▶ **WHAT TO WORK ON**:
Copy out exactly the lines from the one containing "Vintage Santa Metal Sled" to the last line of the records below, both included, and leave out any pictures.

Extracted records
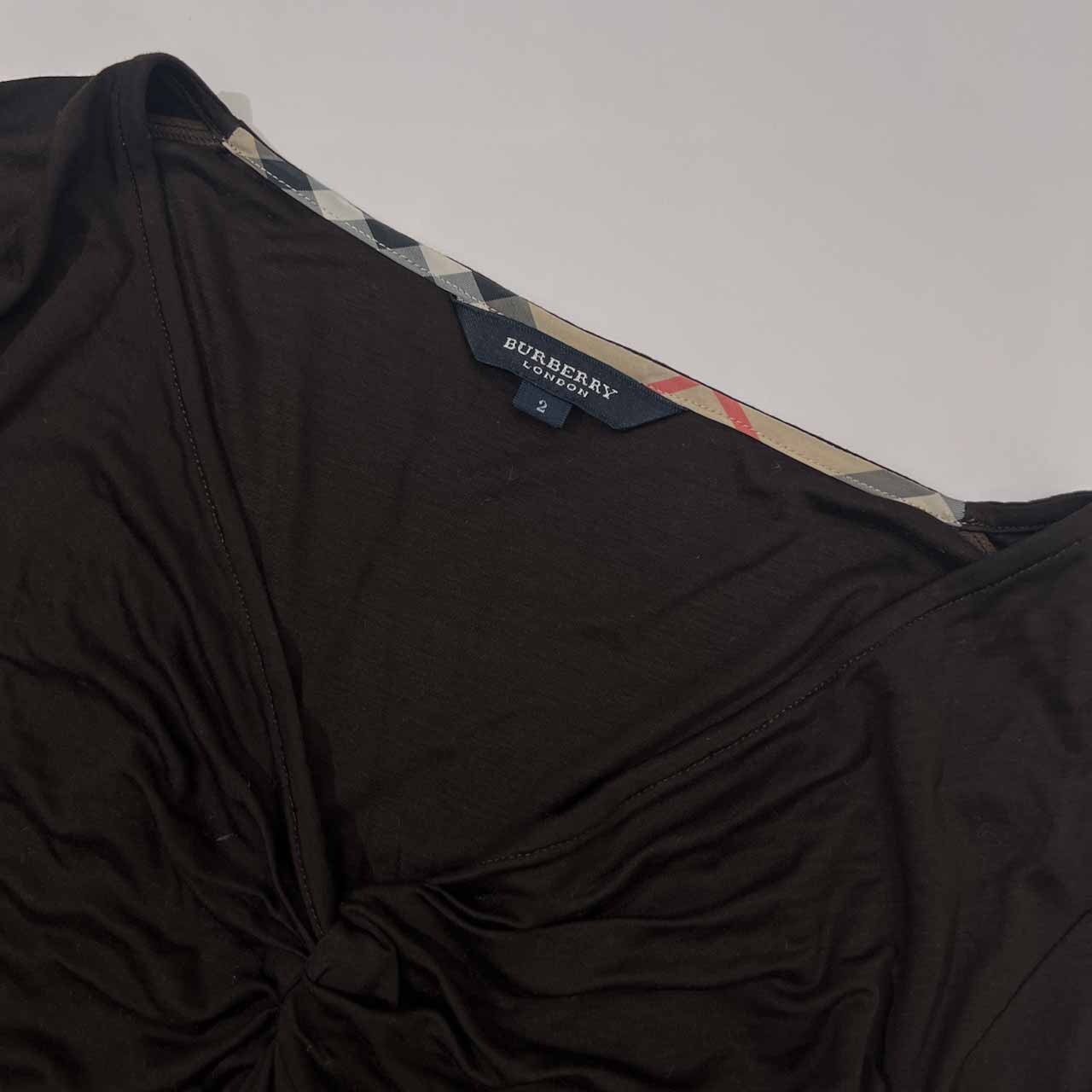 BURBERRY LONDON バーバリー Vネック デザイン Tシャツ カットソー 2/ダークブラウン レディース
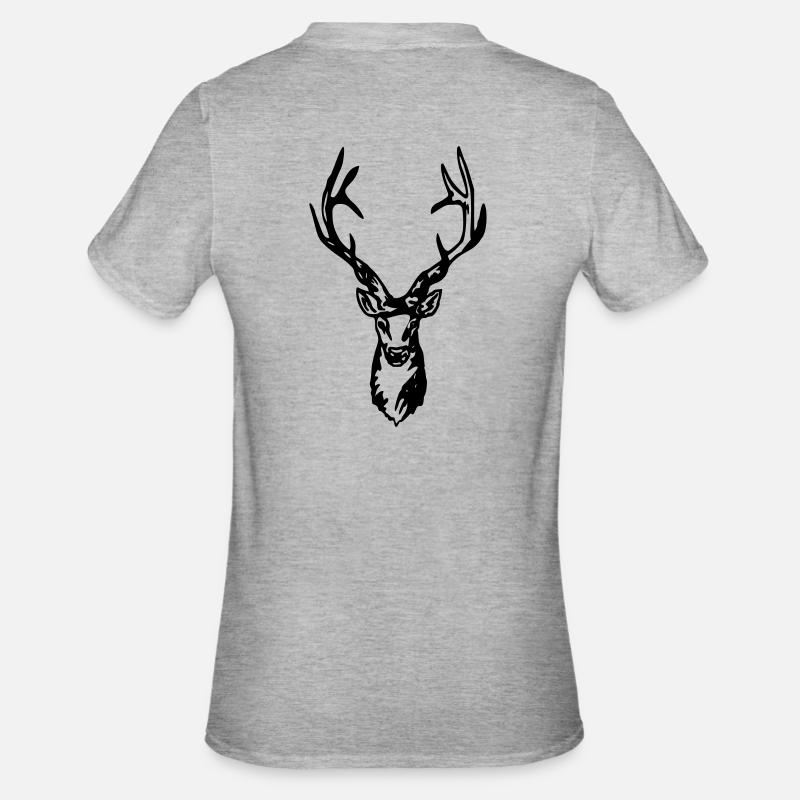 Hirsch - Hirschkopf - Hirschgeweih - Unisex Polycotton T-Shirt - Grau meliert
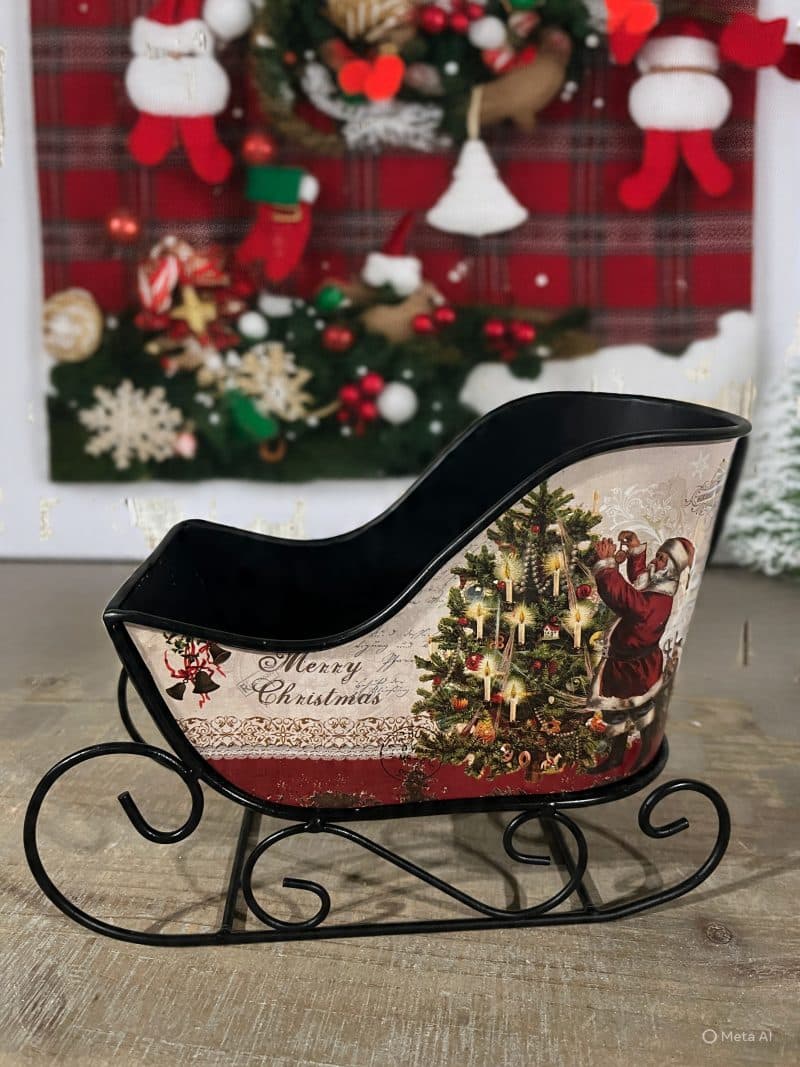 Vintage Santa Metal Sled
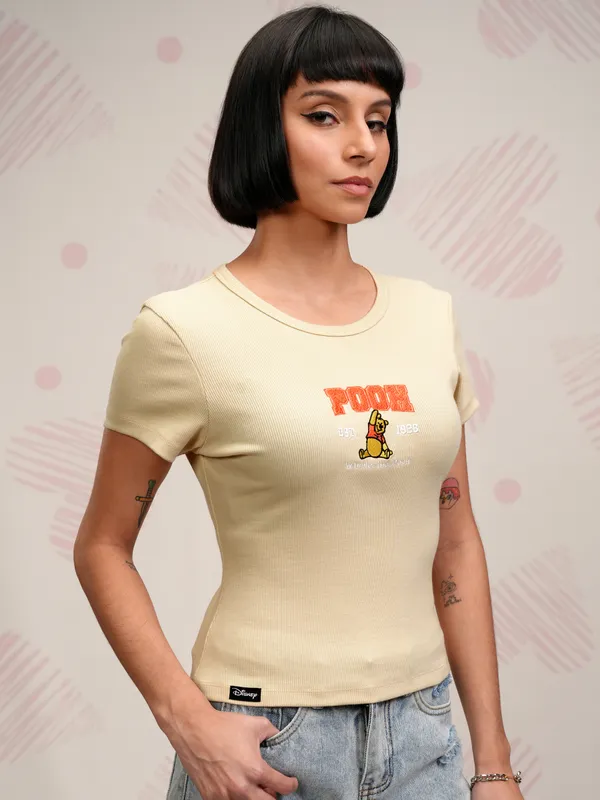 Disney By Tokyo Talkies Women Beige Winnie The Pooh Self Design Slim Fit T-Shirt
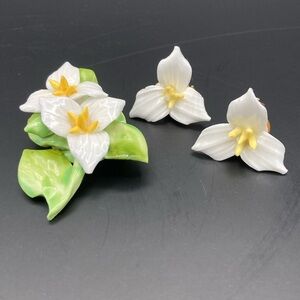 Vintage Adderley Floral Made In England Porcelain Ladies Brooch & Earrings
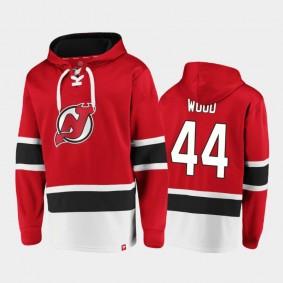 Men's Miles Wood #44 New Jersey Devils Lace-Up Red Dasher Player Hoodie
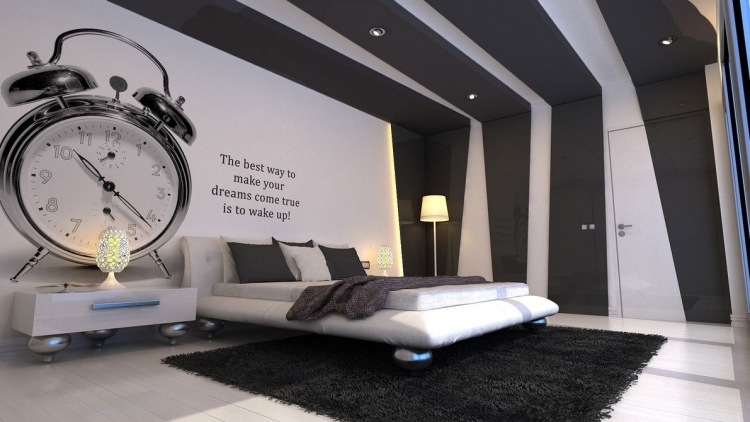 wall-painting-ideas-black-white-bedroom-alarm-clock-large-wall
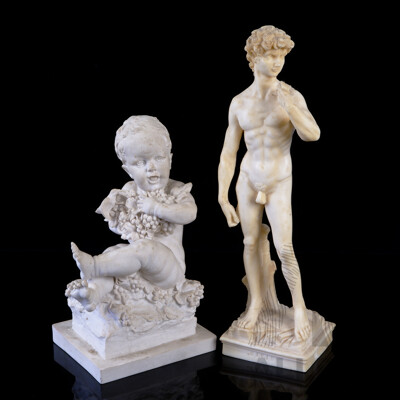 Heavy Plaster Infant with Grapes Statue Along with Composite Italian David Statue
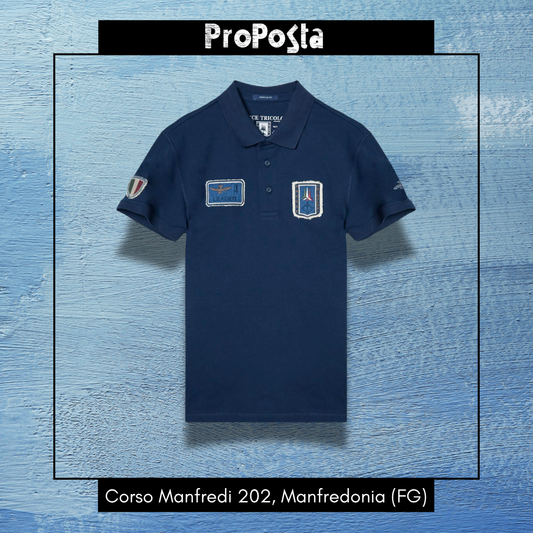 AERONAUTICA MILITARE | Polo manica corta con patch in denim - Proposta Legend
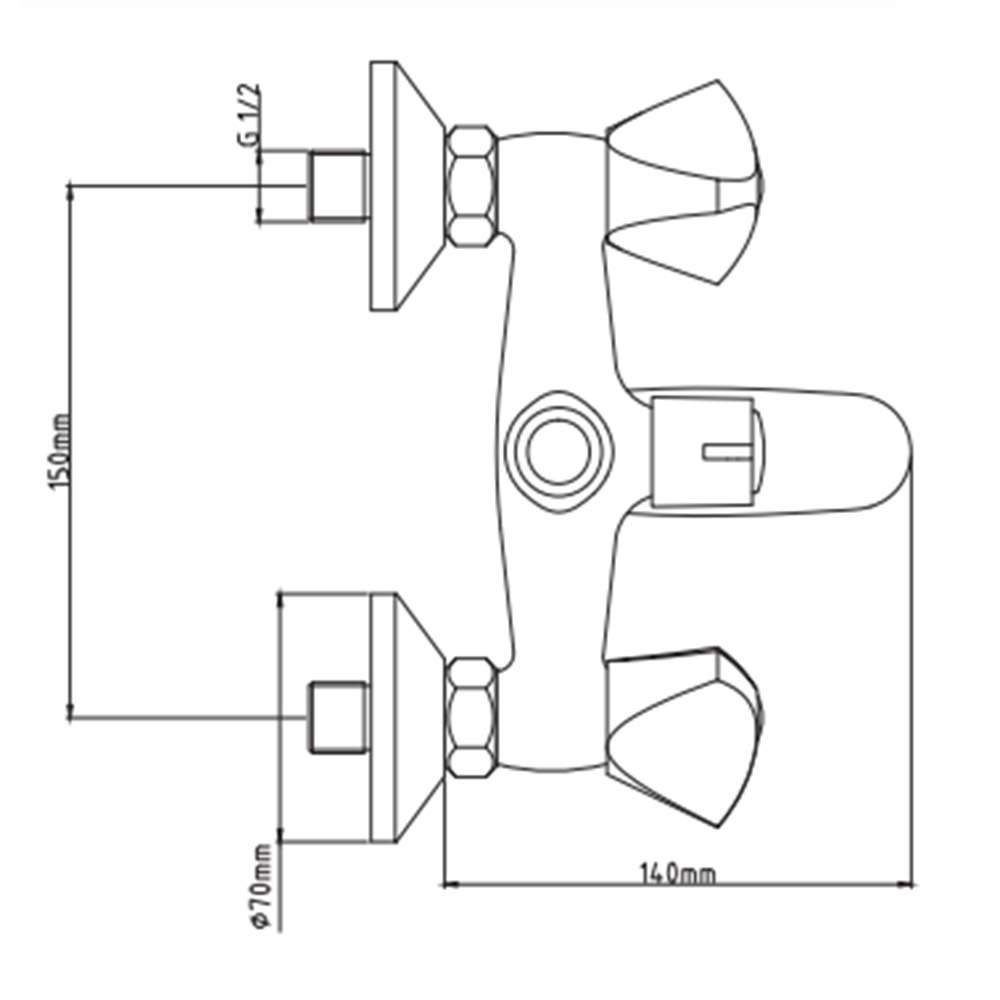 Milano 140100100246 Double Knob Single Lever Bath Mixer 1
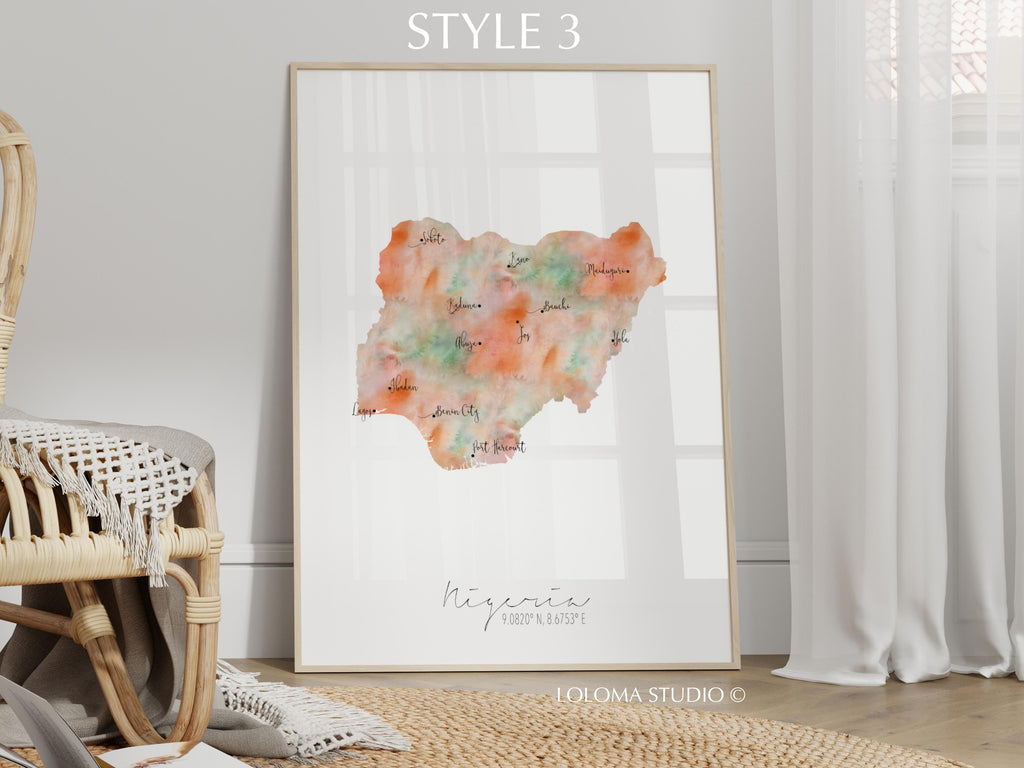 Nigeria Map Portrait Physical Print or Canvas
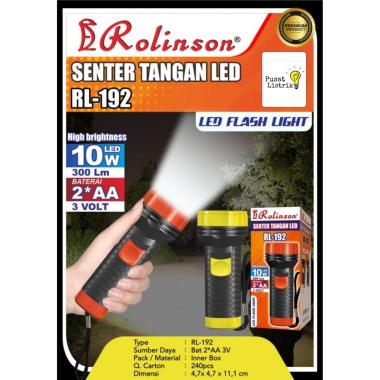 Senter Tangan 10watt LED 300Lm Rolinson Senter Kecil 10w Baterai AA 3V Baterai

▶ **SOLUTION FOR THIS PROBLEM**:
 Vintage Santa Metal Sled
 Disney By Tokyo Talkies Women Beige Winnie The Pooh Self Design Slim Fit T-Shirt
 Vintage Adderley Floral Made In England Porcelain Ladies Brooch & Earrings
 Men's Miles Wood #44 New Jersey Devils Lace-Up Red Dasher Player Hoodie
 wall-painting-ideas-black-white-bedroom-alarm-clock-large-wall
 Heavy Plaster Infant with Grapes Statue Along with Composite Italian David Statue
 AERONAUTICA MILITARE | Polo manica corta con patch in denim - Proposta Legend
 Milano 140100100246 Double Knob Single Lever Bath Mixer 1
 Nigeria Map Portrait Physical Print or Canvas
 Senter Tangan 10watt LED 300Lm Rolinson Senter Kecil 10w Baterai AA 3V Baterai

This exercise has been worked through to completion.